IBATOULLINE, AT LAST!!

At last I have found Bagram Ibatoulline's interpretation of the Princess and her Prince in Story the Fourth of Andersen's Snow Queen! This is the leave-taking, not the test-interview... but still these are gorgeous... stunning young adults, right?

The royal castle (top right) from the outside, a neo-Gothic white structure located in a wooded lake landscape, seems to have been inspired by Neuschwanstein.

Sickening Sweethearts should dress alike at least once.

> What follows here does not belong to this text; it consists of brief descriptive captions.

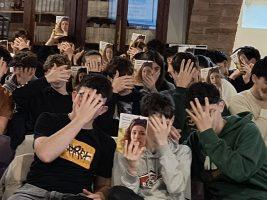 Spegnere l’accesso ai social per 30 giorni. Un esperimento racconta cosa succede ai teenager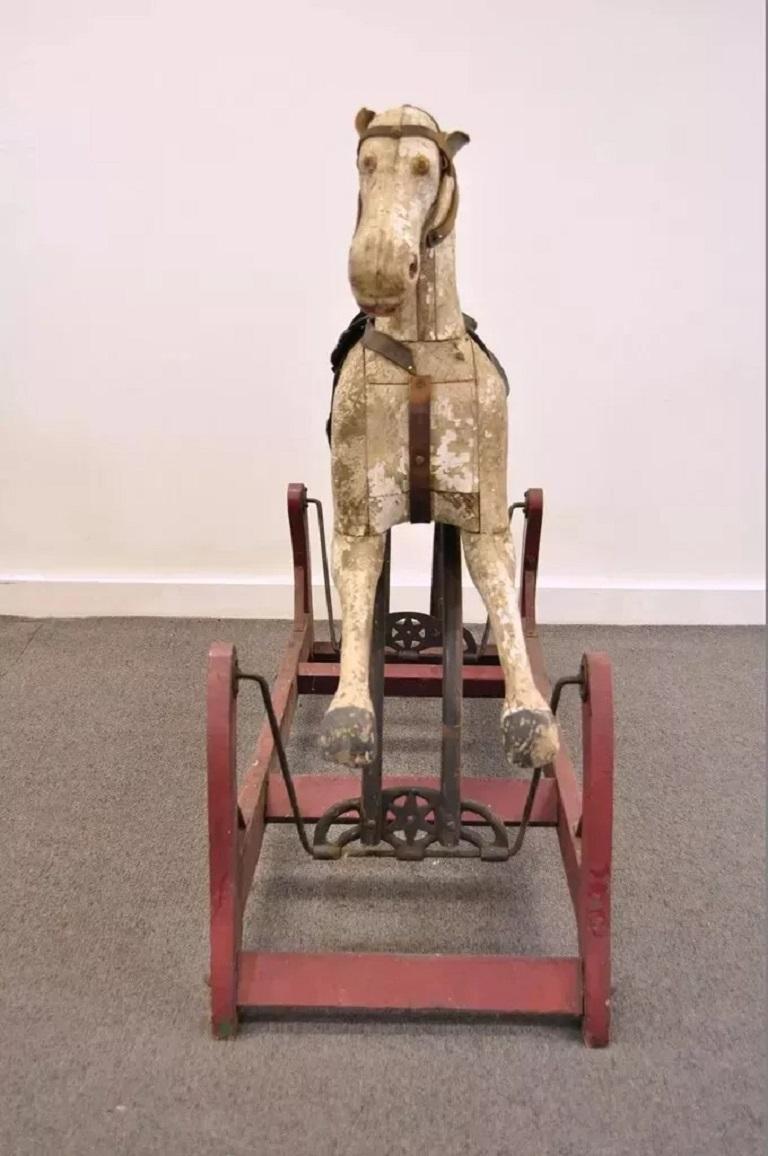 Inconnu Ancien cheval à bascule primitif rocking hobby rustique en bois sculpté et fonte rouge en vente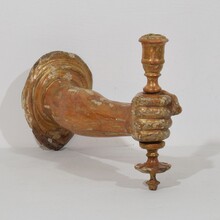 Baroque carved giltwood arm waal sconce candleholder, France circa 1650-1700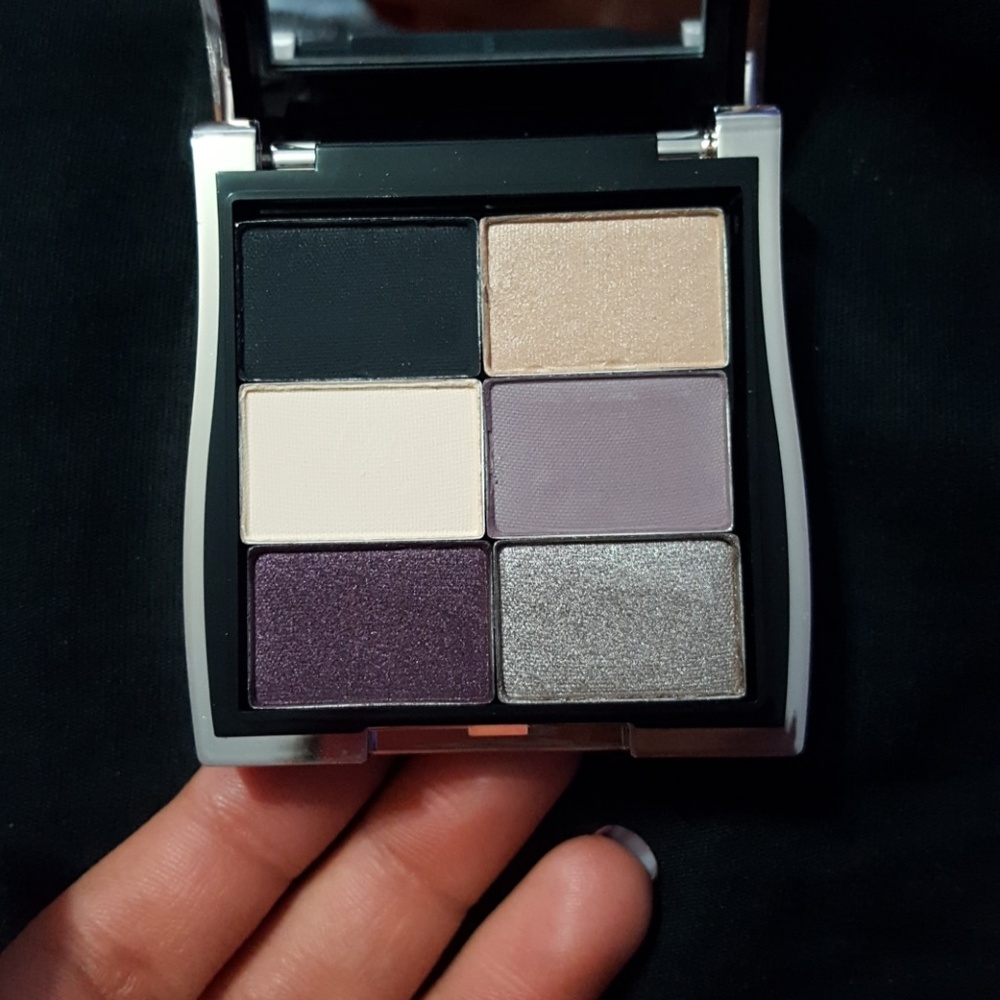 Mary kay mini compact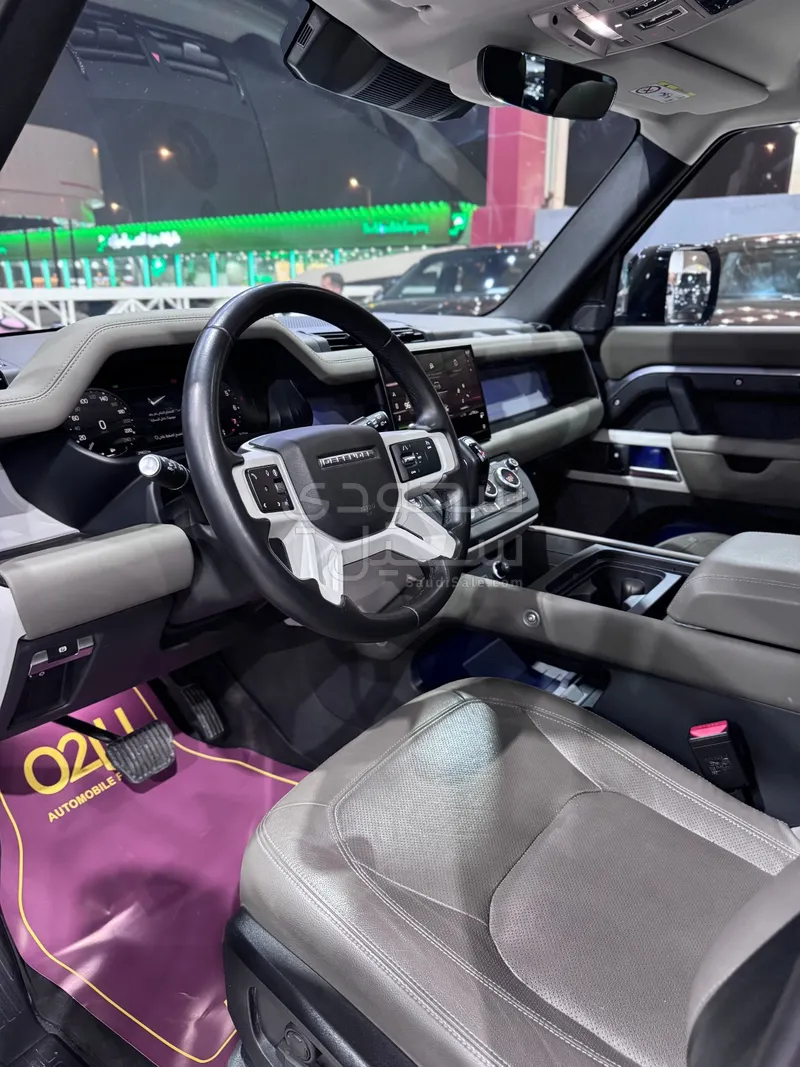 2024 لاند روفر ديفيندر اس اي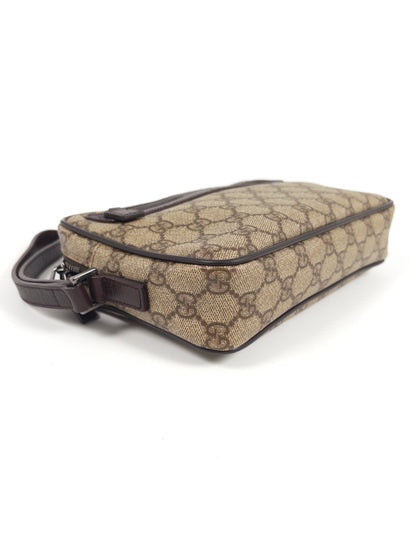 Gucci GG Supreme Clutch
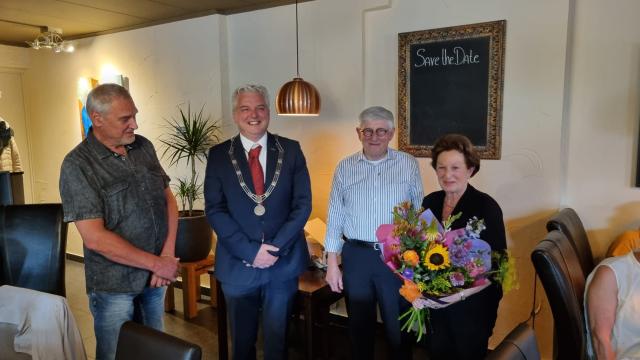 Foto v.l.n.r.: Wethouder John Essers, burgemeester Eric Geurts en de heer en mevrouw Hermkens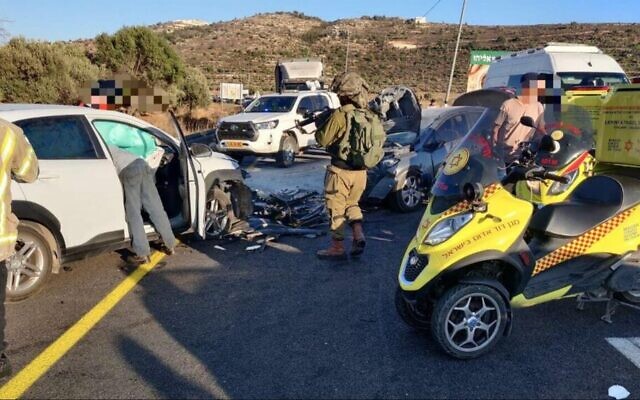 Le lieu de l'accident où Matan Zinman, six ans, a été tué dans un accident de voiture près de l'implantation d'Ariel, en Cisjordanie, le 27 juillet 2022. (Crédit : Magen David Adom)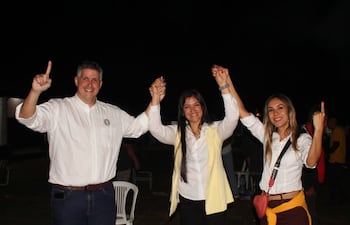 Esteban Samaniego, Mercedes Medina, y Patricia Corvalán.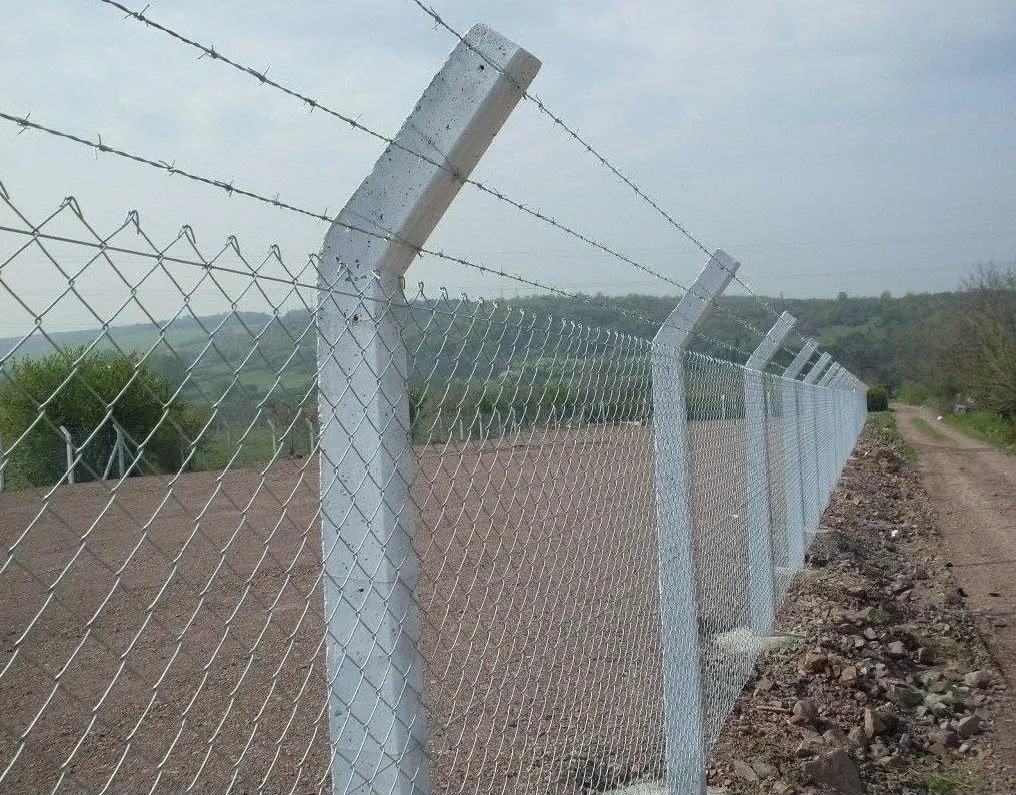 Chain-Link Chain-Link fencing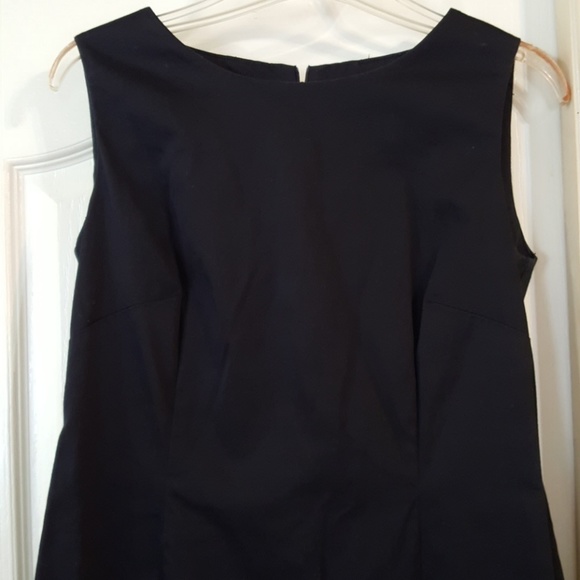 Danny & Nicole Sleeveless Dress. Size 8. - Picture 2 of 8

BAGRAM IBATOULLINE illustrates
retells the Fourth Story in a straightforward manner, that can be easily understood by anyone. From what I have read, her beloved as beautiful as this abridged version:
The land belonged to a princess who not long ago had decided to get married.
She had decreed that all the eligible men in the land could come to the castle and woo her. Whoever was most clever would receive the princess's hand in marriage.
The eager men lined up at the palace. There was a boy with blue eyes and brown hair.
This boy was so clever that the princess chose him to be her husband.
The royal garden led to a door at the back of the castle. The door opened into a long, winding staircase. Once upon the stairs, one ornate hallway gave way to the next before arriving at the royal bedchamber.
The prince and princess awoke and lit the lamp between their beds.
They were good people.




My analysis of the illustration
The Princess: hair, attire, overall colour scheme
She appears to be in her twenties. She's wearing a scarlet cloak right upon her back, and a royal blue/aqua mid-sleeve ballgown with a light golden petticoat beneath and a matching corset (also light golden) over it. She wears her long titian hair falling loosely upon her shoulders, above the cloak. Her facial expression is a sincere smile.
The Prince: hair, attire, overall colour scheme
He appears to be in his twenties as well. His long hair is loose and light brown leaning on titian; he is completely clean shaven (as this character is most usually portrayed). His attire consists of a full court dress combining Elizabethan and Baroque/Rococo elements: the cravat, the Prussian blue coat embroidered in gold, the golden brocade waistcoat beneath it, the Prussian blue knee-high breeches to match the coat, the stockings and low buckle-shoes are all distinctly Rococo court dress, along with the loose hair that resembles an allonge wig, but the ruff collar around the cravat and matching cuff ruffs are distinctly Elizabethan. His facial expression is also a sincere smile.
The Prince and the Princess, Side by Side: their facial expressions convey that these two are good people who wear their hearts upon their sleeves. Also, their coordinated clothes and hairstyles reinforce the idea that they're one another's equal, two halves of a whole. Sickeningly Sweethearts like to choose matching outfits for fancy occasions or costume parties to make it clear that they are together. Here, not only their attire, but also the hairstyles and the smiles are matching, as they willingly wear the same look to show that they belong together.
The Castle: architecture style, landscaping
Here, the Slot appears to be a fortelesque early Renaissance/Gothic château (just look at the windows and towers), made of some cream-coloured stone. I have not seen the garden proper, but there are some bushes and climbing plants, all of them evergreen, lining the walls. From the outside, the castle is white and neo-Gothic, with lots of turrets, and the surrounding kingdom is a wild landscape of woodlands and marshy lakes, recalling Bavaria and Schloss Neuschwanstein.
The Ambiance (light, colour): This scene is very light and cheerful and effectively conveys the idea of good people who live in a safe and sound place, what with the first winter snow, the royal couple's coordinated outfits in the colours of Sweden, their earnest smiles, the crisp air, the evergreen plants along the walls...


Until today, I had only found this picture of the ambush/attack in the dark woods. The coachman is dressed Elizabethan style, while the carriage is baroque. I will post pictures of the "pleased with" or "bedchamber" scenes, or both, if I ever come across them.